• _TASK TO CARRY OUT_
From start to end, write out the following data exactly, apart from its images.

• _RECORDED DATA_
- Opening Delimiter -

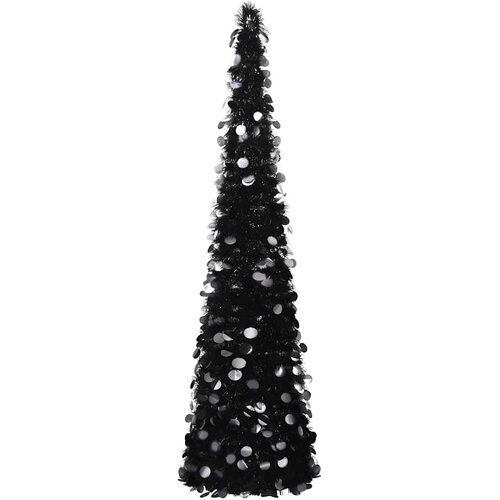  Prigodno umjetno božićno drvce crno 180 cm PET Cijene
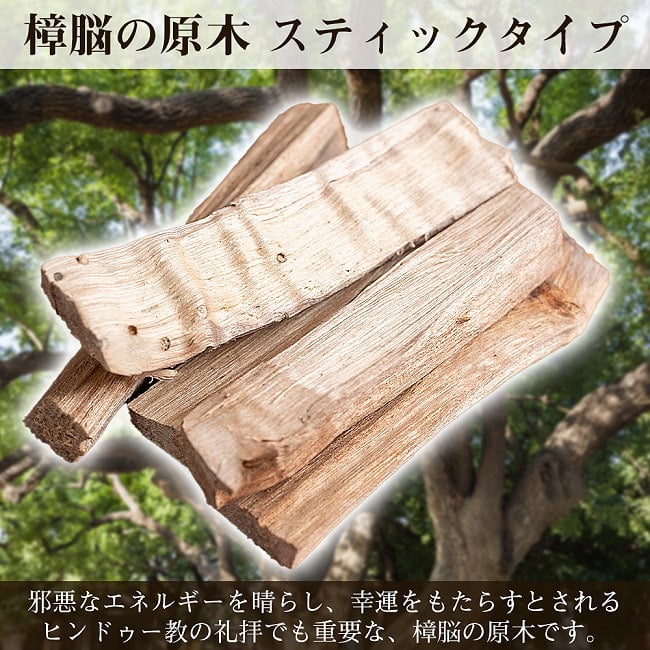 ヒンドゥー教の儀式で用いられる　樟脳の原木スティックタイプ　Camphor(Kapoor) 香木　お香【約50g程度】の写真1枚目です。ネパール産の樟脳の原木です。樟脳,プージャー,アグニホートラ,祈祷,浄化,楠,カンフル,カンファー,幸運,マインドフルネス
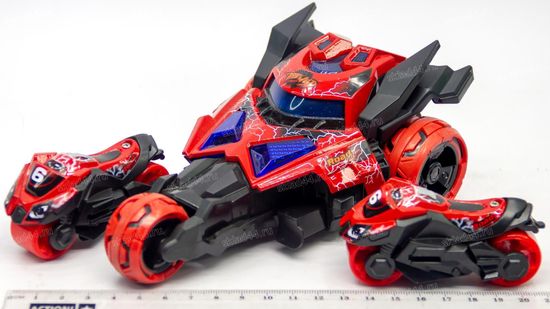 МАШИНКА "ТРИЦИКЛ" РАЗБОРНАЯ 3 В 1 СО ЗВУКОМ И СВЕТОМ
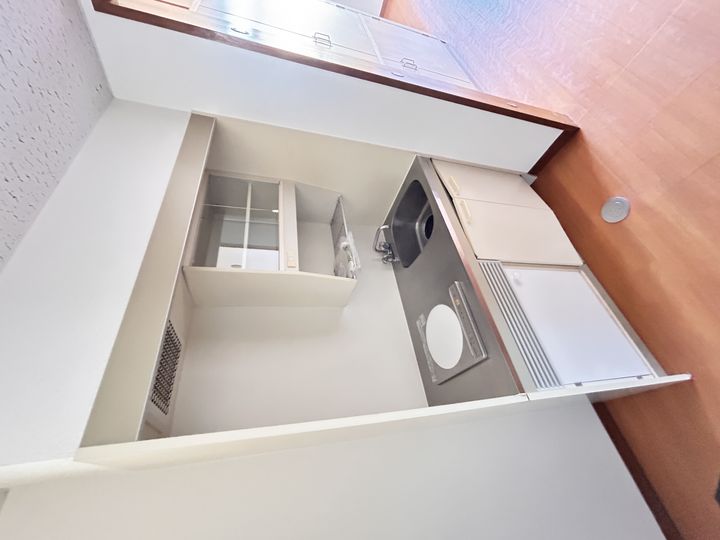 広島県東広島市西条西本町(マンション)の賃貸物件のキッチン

- Closing Delimiter -

• _YOUR RESPONSE_
  Prigodno umjetno božićno drvce crno 180 cm PET Cijene
 ヒンドゥー教の儀式で用いられる　樟脳の原木スティックタイプ　Camphor(Kapoor) 香木　お香【約50g程度】の写真1枚目です。ネパール産の樟脳の原木です。樟脳,プージャー,アグニホートラ,祈祷,浄化,楠,カンフル,カンファー,幸運,マインドフルネス
 МАШИНКА "ТРИЦИКЛ" РАЗБОРНАЯ 3 В 1 СО ЗВУКОМ И СВЕТОМ
 広島県東広島市西条西本町(マンション)の賃貸物件のキッチン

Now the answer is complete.